All of you have stories to tell. We are putting together a tribute book, a collection of your personal testimonies that you sent in -- and thank you so much for all those precious stories -- in honor of the 40 years of your life of faith. As I was reading through your stories I realized how each of you has been prepared and hand-picked. I read a story about Mr. Ron Pine, quite the motorcyclist back then -- I think you were hanging out with the Hell's Angels -- and then you met True Parents. And I read about a sister who in her dream was taught to look for True Parents.

There are so many moving testimonies of how we came to understand the beauty of who our Father and Mother are. Those testimonies are precious stories that I look forward to sharing with my children and their children and so on. All of you sitting here tonight are the true disciples of our True Parents, and in a sense you have completed your mission in keeping them alive.

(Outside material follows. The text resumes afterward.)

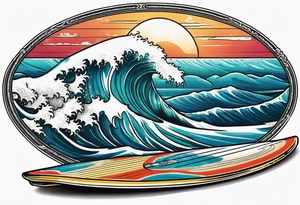 Surfboard with a wave inside it tattoo idea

Now it is our responsibility as the second, third, and fourth generations to make True Parents real and to make our faith one of loving life. In the time of the wilderness, of indemnity and restoration, there was a great deal of suffering and misery. But as we come out of the wilderness and look upon the shining era of settlement with our children and their children, this is an amazing time when we can stand as proud sons and daughters of God and as proud disciples of our True Parents. This is a time when, together as a community, we need to start loving life. We need to start living for the sake of others in a way that brings satisfaction, fulfillment, and growth as well as prosperity.

I can see a time coming. Brothers and sisters, we have to be prepared because the floodgates are opening. I see signs in ministers who have come to experience our worship and our community. I see signs in students from the top universities in America who have come as guests at a CARP ball or service or participated in ballroom dancing. These people know that our community is different. They know that there's something unique and beautiful about our community and they want to learn more. Since we formally implemented our new membership guidelines in August, we have over 32 new brothers and sisters through our Lovin' Life Ministries. It's only the beginning.

Brothers and sisters, this is an incredible time. The fact that because of your life of faith and because of your dedication we can stand in a beautiful hall like the Grand Ballroom in the Manhattan Center is really a tribute to you, our True Parents, and our Heavenly Parent.

So as we move forward, as our movement grows in height, in magnitude, and in the ability to move the worldwide community to understand who True Parents are, it is my desire as the senior pastor for the young people of our movement to grow deeper in our understanding of the tradition we come from and of the kind of parents that have graced and touched our lives. I want the young people of our movement to be proud of the heritage that we come from. This heritage is made more precious in knowing that it comes from God and our True Parents.

So, brothers and sisters, we have so much to look forward to. We have so much celebrating to do. In honor of you, I want to open up the floor for music, dancing, and just having a wonderful time to enjoy each other's company.

Once again, brothers and sisters, thank you for allowing me to stand. Thank you for allowing the True Family to stand. But thank you for allowing our True Parents to stand as the True Parents of humankind. Thank you.